Saved data entries
+-------+

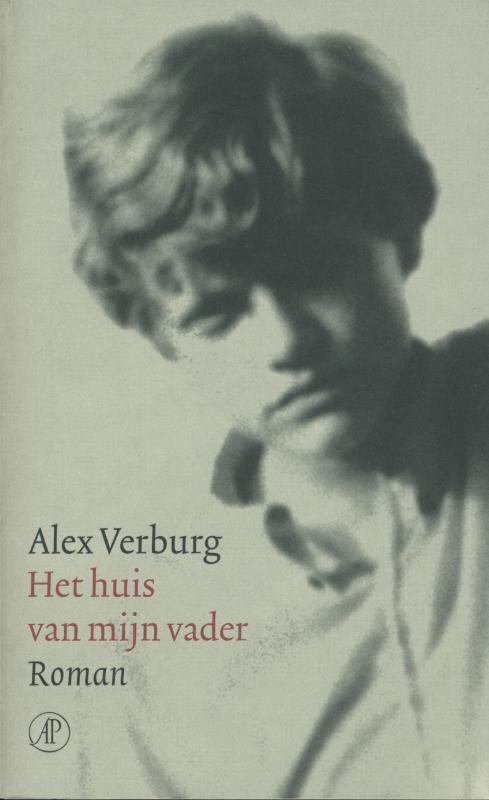 Het huis van mijn vader (Ebook)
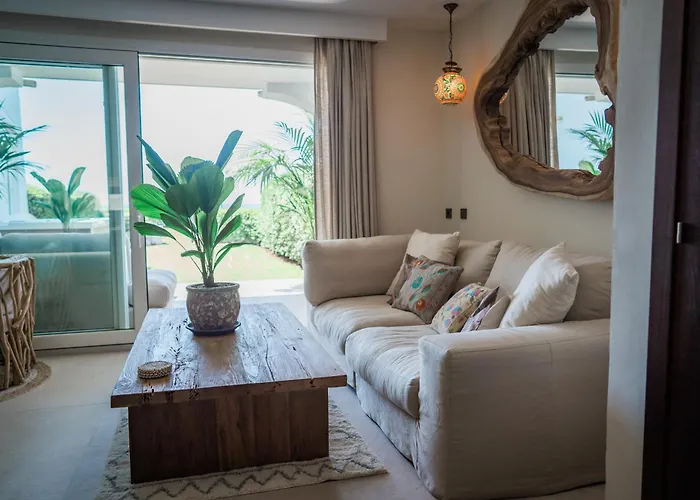 Appartamento Casa Elegancia - Paradise
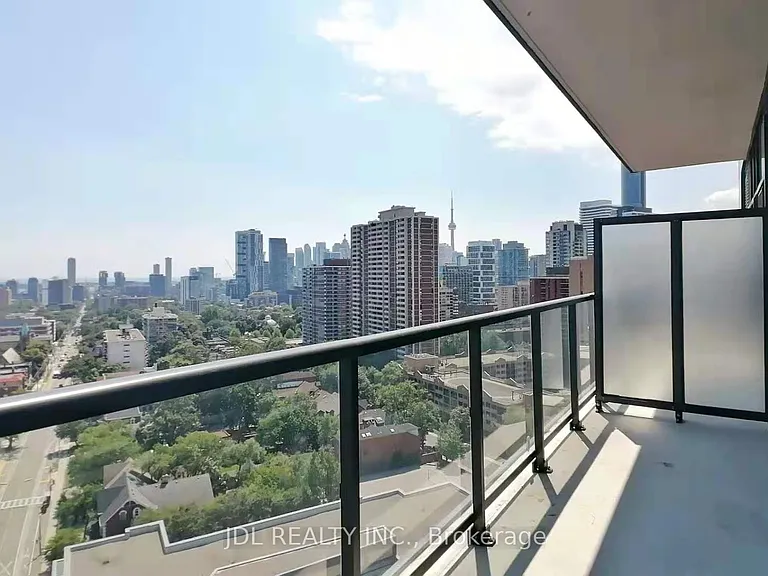 159 Wellesley St E #1505 — Photo 9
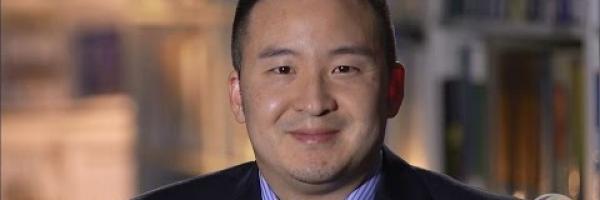 Dr. Justin Liu - video thumbnail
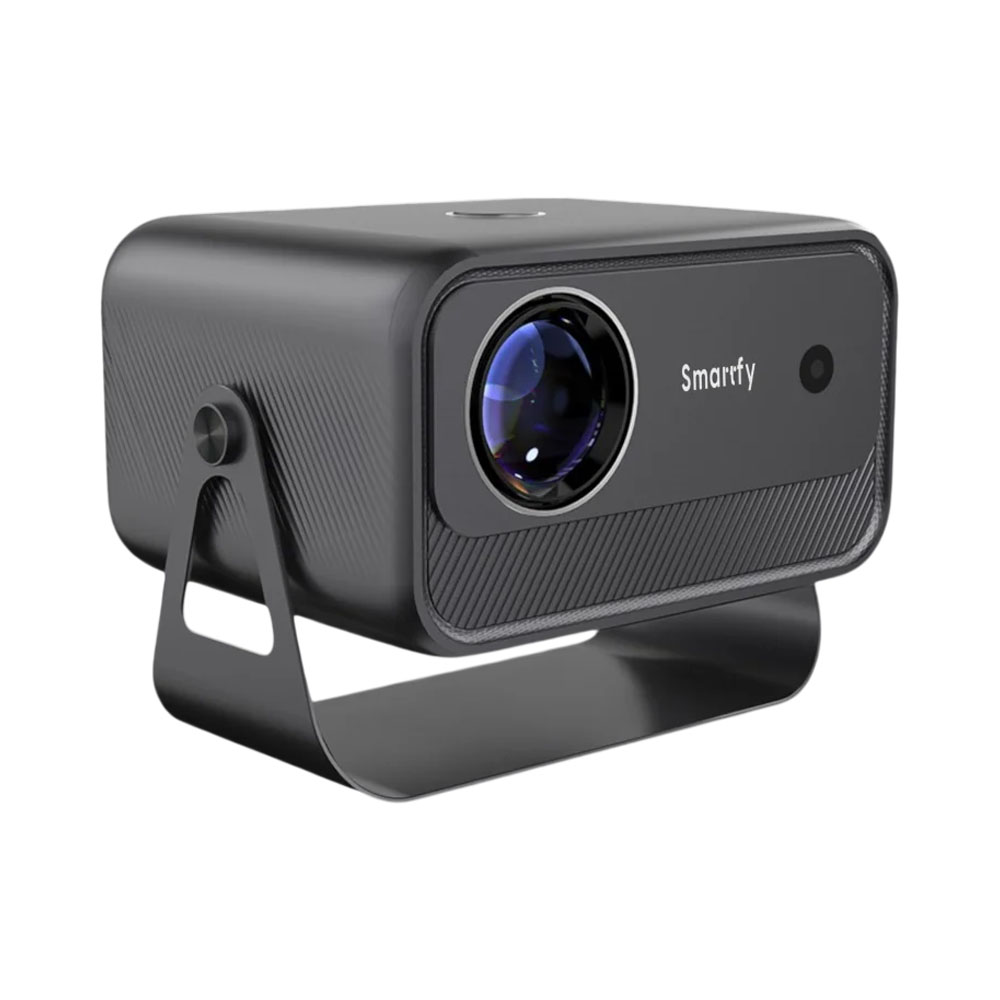 Projetor Smartfy PG03B Black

+-------+

Task to carry out
Transcribe exactly, and only, the lines from the one with "Appartamento Casa Elegancia - Paradise" through the final line of the data above. The pictures stay out.

Response for this exercise
 Appartamento Casa Elegancia - Paradise
 159 Wellesley St E #1505 — Photo 9
 Dr. Justin Liu - video thumbnail
 Projetor Smartfy PG03B Black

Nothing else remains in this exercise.